2. Parameterization of Reverse Mean
Learning the patterns of how the model adds and removes noise, i.e., the mean, will help with faster convergence and hence quicker reverse process, leading to faster training times. Calculating the Reverse Mean (μ) helps the model determine the expected value at each timestep to accurately denoise the image.
$\mu(x_{t}, t) := \frac{\sqrt{\alpha_{t-1}(1 - \alpha_{t-1})} \cdot xt + \sqrt{\alpha_{t-1}(1 - \alpha_t)} \cdot x_0}{1 - \alpha_{t-1}}$
-
$\alpha_{t-1}, \alpha_{t}$ - Variance Schedule parameters
-
$x_{t}$ - Noisy data at time step t.
-
$x_{o}$ - Original data
There are two ways of parameterization:
- Direct Parameterization: Calculate μ by replacing $x_0$ (actual $X_0$) with $\hat{x_0}$ (the model’s estimate of $X_0$ during the reverse process).
- Indirect Parameterization:
-
Residual Noise: This predicts the noise added in the forward process and subtracts this from the image to arrive at $X_0$. This estimates the noise added. Since there’s a fixed range of noise values, it leads to a consistent prediction of magnitude.
$\mu_\theta(x_{t}, t) := \frac{1}{\sqrt{\alpha_t}} \cdot xt - \frac{(1 - \alpha_t)}{\sqrt{\alpha_t(1 - \alpha_{t-1})}} \cdot \hat{\epsilon}_t$
$(\hat{\epsilon}_t)$ - Predicted Noise
$(\epsilon_t)$ - Actual Noise added in the Forward process at that time step
-
Score: This is the gradient of the log of the distribution of noise. It indicates the most possible change between two timesteps by guiding the denoising trajectory with direction and magnitude. This is better for later stage refinements to denoise accuracy.
$dx = f(x, t) - g^2(t) \cdot \hat{s}_t \cdot dt + g(t) \cdot dw$
-
In practice, a combination of different parameterizations is used. At the start of the reverse process, when there’s a lot of noise, direct parameterization is used. This helps the network to understand the global structure. At a later stage, since more refining is needed, an indirect method like noise or score is used for accurate denoising.
3. Optimization Design on Learning Objective
The learning objective is the function that the model aims to optimize during training. There are different strategies involved to improve the effectiveness of the denoising network.
- Reverse Variance
An appropriate reverse variance minimizes the discrepancy between the forward and reverse processes, reducing the time steps required to converge. There are three optimization techniques for finding an appropriate reverse variance value:- Using empirical values for each timestep.

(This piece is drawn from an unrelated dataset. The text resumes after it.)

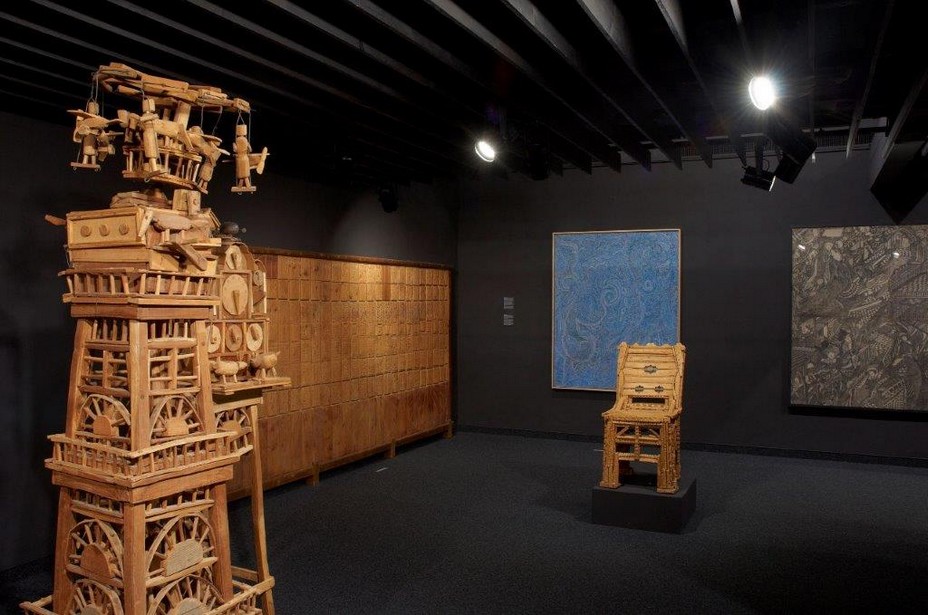 Collection Art Brut, salle d'expo. Sculpt.sur bois d'Emile Ratier. © DR. Collection Art Brut, salle d'expo. Sculpt.sur bois d'Emile Ratier. © DR.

- A predefined schedule that dictates how variance changes at each timestep.
- Estimating optimal variance by analytically arriving at it from the predicted score.
- Learning Weight
This is used to balance learning priorities in training, controlling the focus on global vs. local details of data at different stages of the reverse process. There are two optimization techniques for finding an appropriate learning weight value:- Using predefined noise schedules directly as learning weight, which emphasizes learning global structures early on.
- Computing weights based on Signal to Noise Ratio (SNR). This takes into account the remaining noise present at each timestep. This is a more accurate way of denoising because it focuses a lot on the local data.